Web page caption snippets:
>>
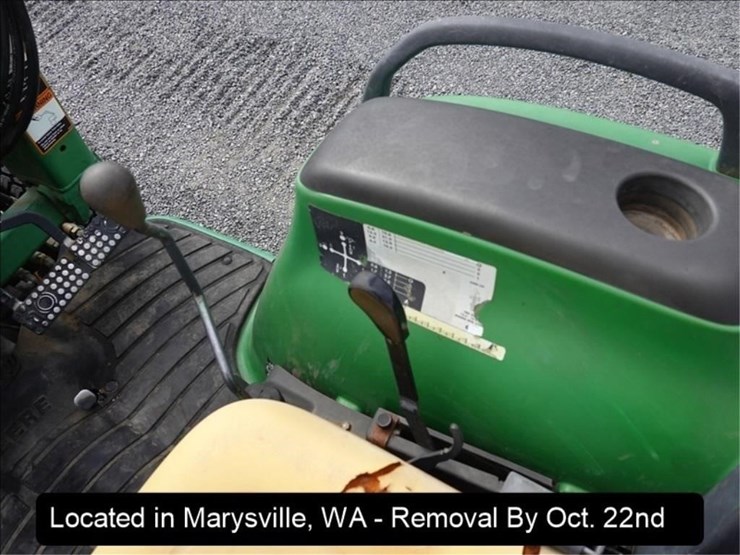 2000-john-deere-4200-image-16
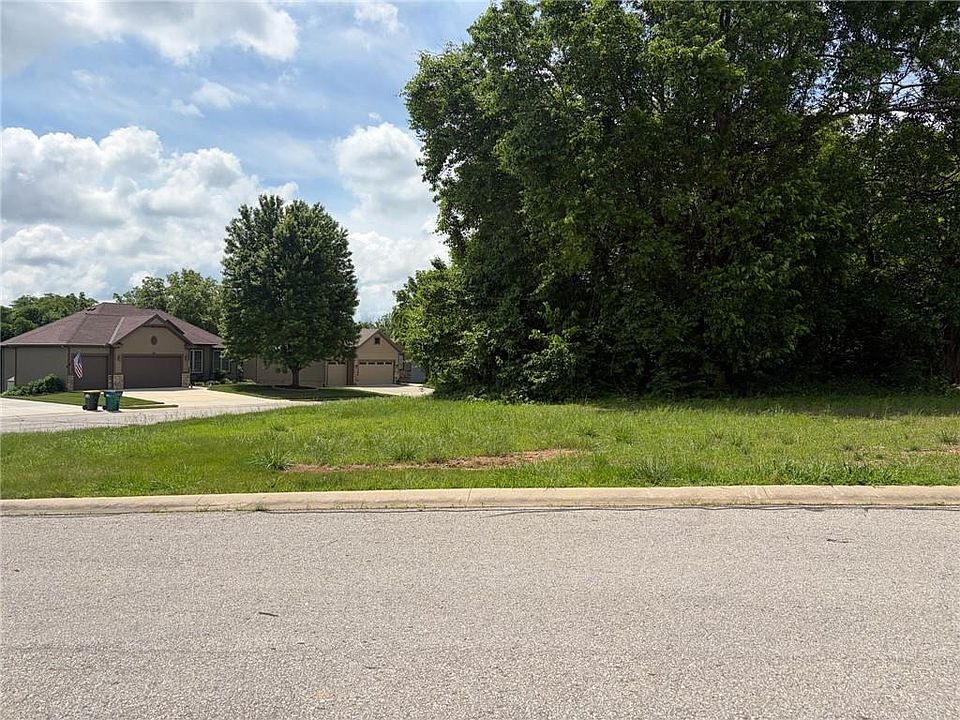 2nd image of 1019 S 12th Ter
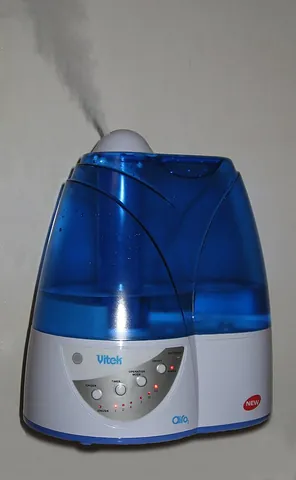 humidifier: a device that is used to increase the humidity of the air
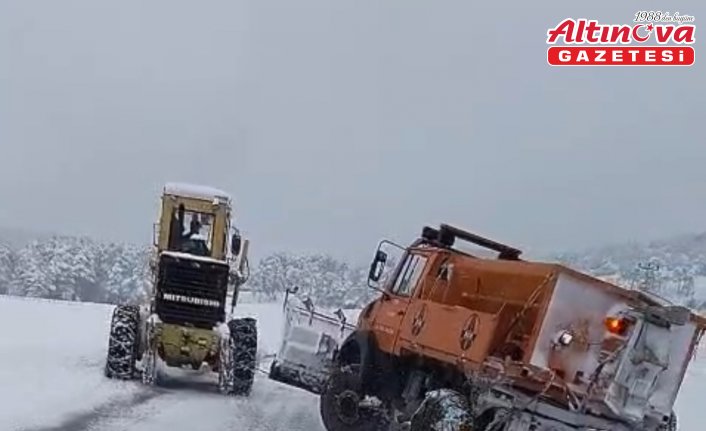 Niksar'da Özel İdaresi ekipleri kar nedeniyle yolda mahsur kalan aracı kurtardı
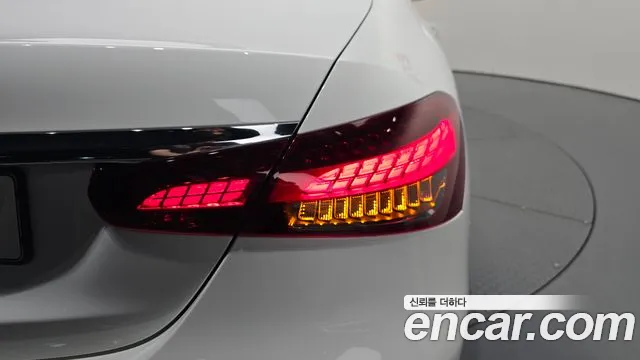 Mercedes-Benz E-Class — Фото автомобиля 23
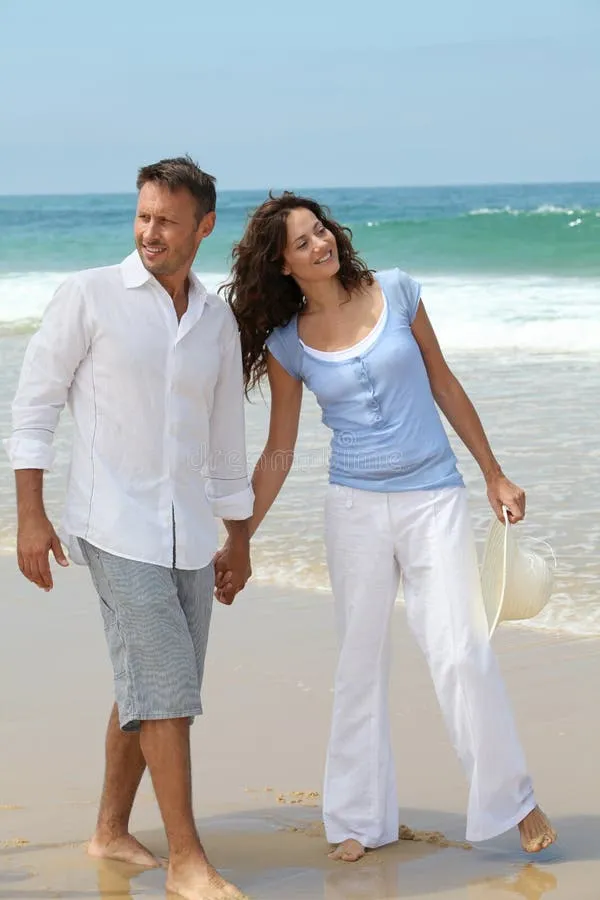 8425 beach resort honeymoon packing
<<
TASK PROMPT:
Would you please print only the lines running from the one with "humidifier: a device" to the final line of the entries above, exactly as written and without pictures?

TASK RESULT:
 humidifier: a device that is used to increase the humidity of the air
 Niksar'da Özel İdaresi ekipleri kar nedeniyle yolda mahsur kalan aracı kurtardı
 Mercedes-Benz E-Class — Фото автомобиля 23
 8425 beach resort honeymoon packing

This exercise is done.